__Extracted data__:
+ + + +

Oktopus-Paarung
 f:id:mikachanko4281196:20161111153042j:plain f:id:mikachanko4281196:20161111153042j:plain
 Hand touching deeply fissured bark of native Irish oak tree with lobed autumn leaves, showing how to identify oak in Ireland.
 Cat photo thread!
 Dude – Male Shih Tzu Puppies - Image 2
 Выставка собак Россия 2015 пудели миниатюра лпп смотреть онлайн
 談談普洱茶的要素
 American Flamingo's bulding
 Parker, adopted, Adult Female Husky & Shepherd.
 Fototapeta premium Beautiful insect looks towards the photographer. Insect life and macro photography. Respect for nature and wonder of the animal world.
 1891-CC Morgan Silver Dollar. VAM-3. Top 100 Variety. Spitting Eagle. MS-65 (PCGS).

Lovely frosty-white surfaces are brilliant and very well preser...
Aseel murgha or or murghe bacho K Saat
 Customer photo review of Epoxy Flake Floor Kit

+ + + +

__Your assignment__:
Return every entry exactly as given.

__Response below__:
Oktopus-Paarung
 f:id:mikachanko4281196:20161111153042j:plain f:id:mikachanko4281196:20161111153042j:plain
 Hand touching deeply fissured bark of native Irish oak tree with lobed autumn leaves, showing how to identify oak in Ireland.
 Cat photo thread!
 Dude – Male Shih Tzu Puppies - Image 2
 Выставка собак Россия 2015 пудели миниатюра лпп смотреть онлайн
 談談普洱茶的要素
 American Flamingo's bulding
 Parker, adopted, Adult Female Husky & Shepherd.
 Fototapeta premium Beautiful insect looks towards the photographer. Insect life and macro photography. Respect for nature and wonder of the animal world.
 1891-CC Morgan Silver Dollar. VAM-3. Top 100 Variety. Spitting Eagle. MS-65 (PCGS).

Lovely frosty-white surfaces are brilliant and very well preser...
Aseel murgha or or murghe bacho K Saat
 Customer photo review of Epoxy Flake Floor Kit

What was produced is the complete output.